Why are We Afraid of Making Mistakes?
English

Why are We Afraid of Making Mistakes?

by

business
psychology

If you entered here, apart from wanting to help a fellow language learner, you may be wondering if I actually have an answer to that question. Oh dear, I wish. And I am here to bring more questions than answers, so read at your will.

I've always been top of the class. My school wasn't famous, nor that difficult. It was enough to get me into the university I wanted, but it wasn't an actual challenge. And I knew that. I knew that once I went to college things would change. But I guess I was not prepared.

Today I had the chance to listen to an amazing Brazilian entrepreneur make the following metaphor about resilience: when we were in high school, we had a 3/10 challenge, but our capacity was a 2. That's why we found it hard. In college, we have a 5 challenge, but we just reached 3. That's why we struggle. And challenge after challenge, we build ourselves up and enhance this confort zone.

But what happens when we are scared? When we have such great expectations of ourselves that we limit our growth with fear? We do exactly that, we limit ourselves. We become insecure. When we don't see progress overnight and think we're stupid, or incapable.
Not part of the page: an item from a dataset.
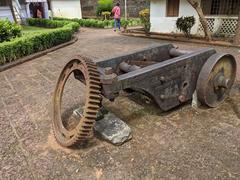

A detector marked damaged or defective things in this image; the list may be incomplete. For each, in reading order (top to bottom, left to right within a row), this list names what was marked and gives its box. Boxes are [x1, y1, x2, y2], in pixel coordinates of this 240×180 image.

rusty machinery [52, 44, 236, 147]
Another thing the man said was regarding gender. That men are way more easily out of their confort zone than women. That they just go for it, while we, women, know we will receive a ton more of backlash if we fail. And that made me question a lot who am I as a woman. I say "risk yourself" to other girls while I maintain myself still. While I had to wonder for 40 minutes if the question I wanted to make to this guy was going to be seen as stupid or not. I have countless questions I wanted to make to countless amazing people that I didn't do because of insecurity.
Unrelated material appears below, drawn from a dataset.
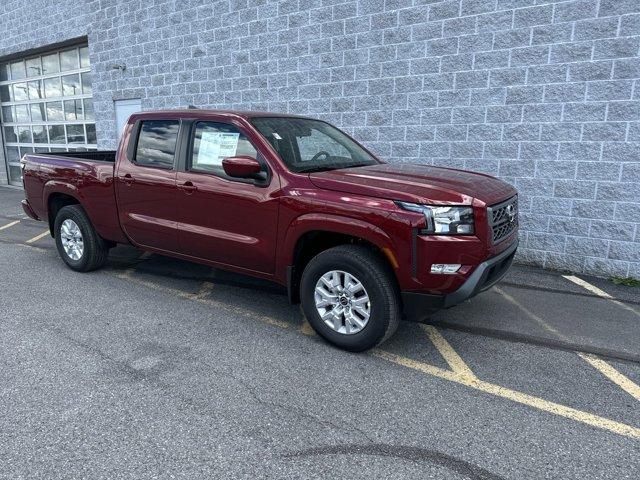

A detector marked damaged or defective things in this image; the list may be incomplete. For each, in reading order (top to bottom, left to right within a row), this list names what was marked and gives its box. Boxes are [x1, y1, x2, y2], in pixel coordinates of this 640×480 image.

crack in asphalt [284, 444, 504, 478]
I remember another time, two months ago, that this guy was saying "come on, don't be shy, entrepreneurs aren't like that". And I know he was saying that to me. I was the only person with the camera on who hadn't made a question. And guess what? From that day forward I started to question myself. Question if I actually am the "entrepreneur persona". If that even is for me. Because if I can't have the guts of making a question to someone miles away from me through a Zoom call, how the fuck will I be a leader?

And the answer to this questions is: I don't know. But if I don't try, that won't change.

So this is a promise, from me to you, that, from this day on, I will ignore that stupid little voice in the back of my mind that says that "people will think you're stupid". Let them. Let them think and let me live my life the way I want. A little more confident each day, without fear of making mistakes.